17 October 2024

Toys vs. Tools

We watched (and bought*) Twisters 'tonight' - and it was totally, absolutely pretty good.  For context, Twister was a movie that came about in the heart of my youth and is a movie that I truly love, unironically, and unapologetically.  It came out when I was 18 years old and weeks away from graduating high school, and it imprinted on me.  Twister is earnest, a little schlocky (in all the best ways), and a fairly fun ride (literally, too, as Brooke and I did the Twister ride at Universal Studios Florida, although not actually literally as the ride wasn't that great - I just remember standing in a room with a fence, and then it was kind of windy, but not at you, just near you...).

Anyway, the point is - Twister is a pretty okay movie that comes to some relevant (if somewhat cliched) conclusions - "Making something of yourself" and "Don't be a total sellout" and "Love love (or no divorce allowed or something...)".  The science bits / meteorology / plot stuff is all very good.  There's a science bucket full of science puffins, and if they get the bucket in front of the twister and all the puffins fly up into it, they get science to speak tornado!

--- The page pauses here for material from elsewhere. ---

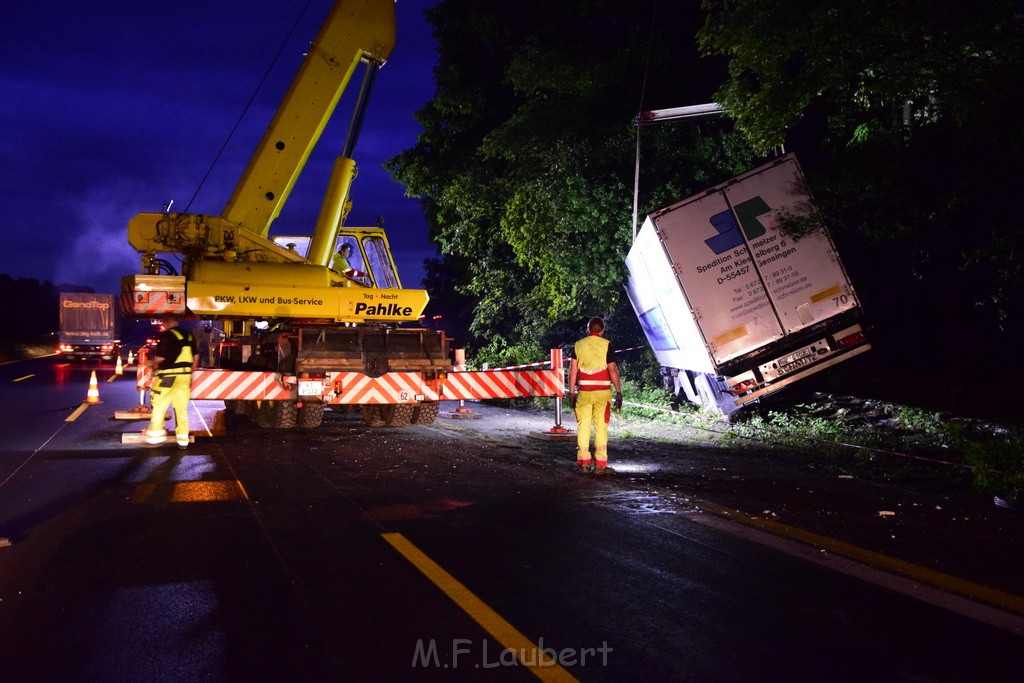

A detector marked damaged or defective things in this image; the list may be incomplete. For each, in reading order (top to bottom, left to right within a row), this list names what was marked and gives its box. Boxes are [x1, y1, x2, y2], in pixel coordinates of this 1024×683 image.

Twisters on the other hand starts with some children hobbyists who have a geo-engineering science fair project that ends in tragedy.  The tragedy of standing in front of a tornado and being killed by it - shocker.

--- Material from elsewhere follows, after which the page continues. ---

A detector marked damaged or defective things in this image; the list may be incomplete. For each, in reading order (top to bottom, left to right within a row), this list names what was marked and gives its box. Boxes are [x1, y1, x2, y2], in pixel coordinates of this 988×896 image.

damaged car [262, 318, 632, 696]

The first mistake was to make the movie as a completely standalone sequel - like, it didn't need to integrate big parts of the earlier cast, but some cameos and nods to the earlier work would have been nice.  And grounding it in the 'science' of the earlier - a bit of "standing on the shoulders of giants" - I think might have grounded the plot in some semblance of the realistic, but of course those are not themes that we like in our current era, whether fictional or non-fictional.

The young will save us, and a profound disinterest in the ideas that came before... (generally before 2015 or so if you investigate the thinking very deeply).  The absolute importance of being liked - and if you aren't liked publicly (praised visibly), then you may as well not bother.

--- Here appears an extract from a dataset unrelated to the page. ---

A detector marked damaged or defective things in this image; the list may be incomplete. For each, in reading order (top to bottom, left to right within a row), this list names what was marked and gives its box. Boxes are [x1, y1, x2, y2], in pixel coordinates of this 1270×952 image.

The central message of this far inferior sequel seems to be about "Ways to 'keep' getting ahead".  The happy ending isn't anything about doing good science for the world, or even like getting married or being happy or anything but frakking starting a company!

Congratulations!, You made it, please begin exploiting... 

{sigh}


* renting on Amazon Prime is a total scam - the cost of buying is generally just under double the cost of renting, and I feel like most movies - you will find another time in life when you are going to watch it or show it or reference it, so just own it forever (until Amazon collapses, which at this rate will likely be after the US government collapses!).